= LOMOcean Marine =

New Zealand company

LOMOcean Marine is a naval architecture and yacht design company based in Auckland, New Zealand.

==History==
LOMOcean Marine, previously known as Craig Loomes Design Group ltd., was incorporated in 1993, but has some designs that date back to 1986.

The company designs commercial, defence and pleasure boats for clients globally. The boats use advanced composite materials, such as carbon fibre and Kevlar, as well as aluminum and other such materials. The company has become known for designing a range of wave-piercing catamarans and trimarans, most notably, Earthrace, and Tûranor PlanetSolar. The company has also designed mono hull boats such as well as power catamarans. The boats include fire fighting boats, global circumnavigating boats, pleasure yachts, coastguard boats, defence vessels and research vessels.

==Notable designs==

===39m The Beast expedition catamaran===

The Beast is an expedition catamaran designed for owners Sir Michael Hill and Lady Christine Hill. It is a large volume displacement catamaran hull with high tunnel clearance. Accommodation is provided for up to 12 guests plus crew. The Beast won the 2020 World Superyacht Award for Displacement Motor Yachts Below 499GT 30m to 39.9m.

===25m Passagemaker Mollymawk===
Mollymawk is a 25m passagemaker launched in 2021 and built by Circa Marine. Mollymawk was shortlisted for the Motor Yacht Under 25 Metres Award in The International Yacht & Aviation Awards 2022

===Sampitres===
Sampitres was launched in 2002 and was built by Vaudrey Miller Yachts. It is a pleasure boat designed for long-distance trips or to be used as a day boat. Sampitres is similar to Ultimate Lady and is also a wave-piercing catamaran. Sampitres has a range of 3490 nautical miles which means that it is capable of trans-Atlantic travel. The boat not as wide as Ultimate Lady, which means that it can be parked in the Mediterranean which is known for its tight berthing situations. It was listed as a finalist for the 2002 Super Yacht Society International design award. The boat can travel at a maximum speed of 28 knots and is 23.7 metres in length.

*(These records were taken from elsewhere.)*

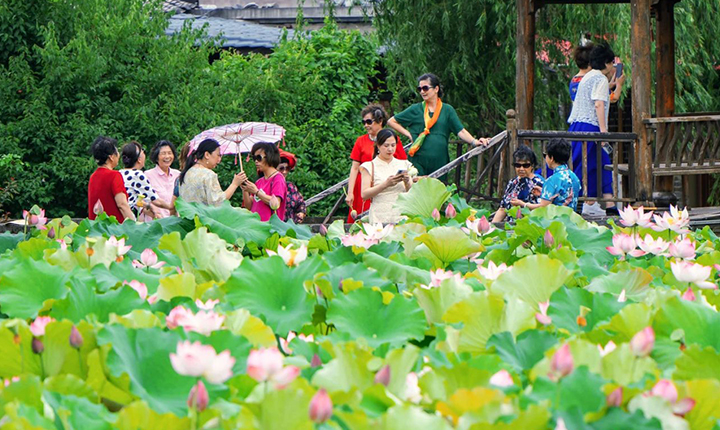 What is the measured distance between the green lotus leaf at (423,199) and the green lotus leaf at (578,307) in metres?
2.11

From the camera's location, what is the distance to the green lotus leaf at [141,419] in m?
1.47

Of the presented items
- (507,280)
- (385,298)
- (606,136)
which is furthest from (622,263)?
(606,136)

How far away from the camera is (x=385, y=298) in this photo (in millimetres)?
2332

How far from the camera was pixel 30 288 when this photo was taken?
2.45 metres

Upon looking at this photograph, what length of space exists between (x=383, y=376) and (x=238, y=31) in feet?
58.7

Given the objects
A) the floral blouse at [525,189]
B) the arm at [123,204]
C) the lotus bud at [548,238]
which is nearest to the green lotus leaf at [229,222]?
the lotus bud at [548,238]

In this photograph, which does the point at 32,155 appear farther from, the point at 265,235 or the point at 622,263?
the point at 622,263

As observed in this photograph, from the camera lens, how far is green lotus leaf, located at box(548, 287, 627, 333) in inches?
88.6

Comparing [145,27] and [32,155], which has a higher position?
[145,27]

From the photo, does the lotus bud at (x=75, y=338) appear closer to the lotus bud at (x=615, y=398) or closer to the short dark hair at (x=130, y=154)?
the lotus bud at (x=615, y=398)

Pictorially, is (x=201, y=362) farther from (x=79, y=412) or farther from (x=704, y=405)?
(x=704, y=405)

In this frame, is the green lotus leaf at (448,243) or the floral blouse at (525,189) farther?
the floral blouse at (525,189)

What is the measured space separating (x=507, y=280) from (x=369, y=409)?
3.07 ft

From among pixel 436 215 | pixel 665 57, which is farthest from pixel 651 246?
pixel 665 57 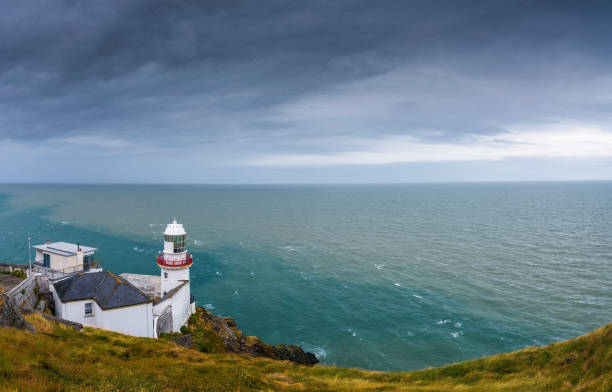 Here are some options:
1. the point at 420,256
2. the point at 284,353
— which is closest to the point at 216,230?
the point at 420,256

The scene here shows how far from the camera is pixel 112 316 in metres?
29.1

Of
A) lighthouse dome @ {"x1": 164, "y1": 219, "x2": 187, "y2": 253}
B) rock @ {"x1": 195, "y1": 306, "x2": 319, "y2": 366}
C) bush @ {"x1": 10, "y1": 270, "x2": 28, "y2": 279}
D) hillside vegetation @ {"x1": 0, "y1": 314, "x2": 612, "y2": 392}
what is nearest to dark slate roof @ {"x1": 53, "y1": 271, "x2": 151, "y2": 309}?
hillside vegetation @ {"x1": 0, "y1": 314, "x2": 612, "y2": 392}

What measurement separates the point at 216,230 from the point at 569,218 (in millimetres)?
141026

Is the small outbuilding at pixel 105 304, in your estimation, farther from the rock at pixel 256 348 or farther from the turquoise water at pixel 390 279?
the turquoise water at pixel 390 279

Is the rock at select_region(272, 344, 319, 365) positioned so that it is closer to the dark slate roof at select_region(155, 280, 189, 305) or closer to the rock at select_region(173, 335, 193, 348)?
the rock at select_region(173, 335, 193, 348)

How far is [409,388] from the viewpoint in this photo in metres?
21.1

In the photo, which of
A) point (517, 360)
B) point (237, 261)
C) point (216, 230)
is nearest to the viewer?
point (517, 360)

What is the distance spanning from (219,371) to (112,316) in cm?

===Bluefix Boatworks Northcape Custom Series===

The Northcape Custom line is a series of custom-built sportfishing and cruising vessels manufactured by Bluefix Boatworks, a yacht construction company based in Opua, Bay of Islands, New Zealand. The range includes models such as the NorthCape 43, NorthCape 49, NorthCape 51, and NorthCape 58. The boats are constructed using foam-core composite materials with epoxy resin infusion techniques, and are designed for offshore performance, fuel efficiency, and durability. Northcape Custom vessels feature flared bows, tumblehome transoms, and layouts suited for both recreational and commercial applications.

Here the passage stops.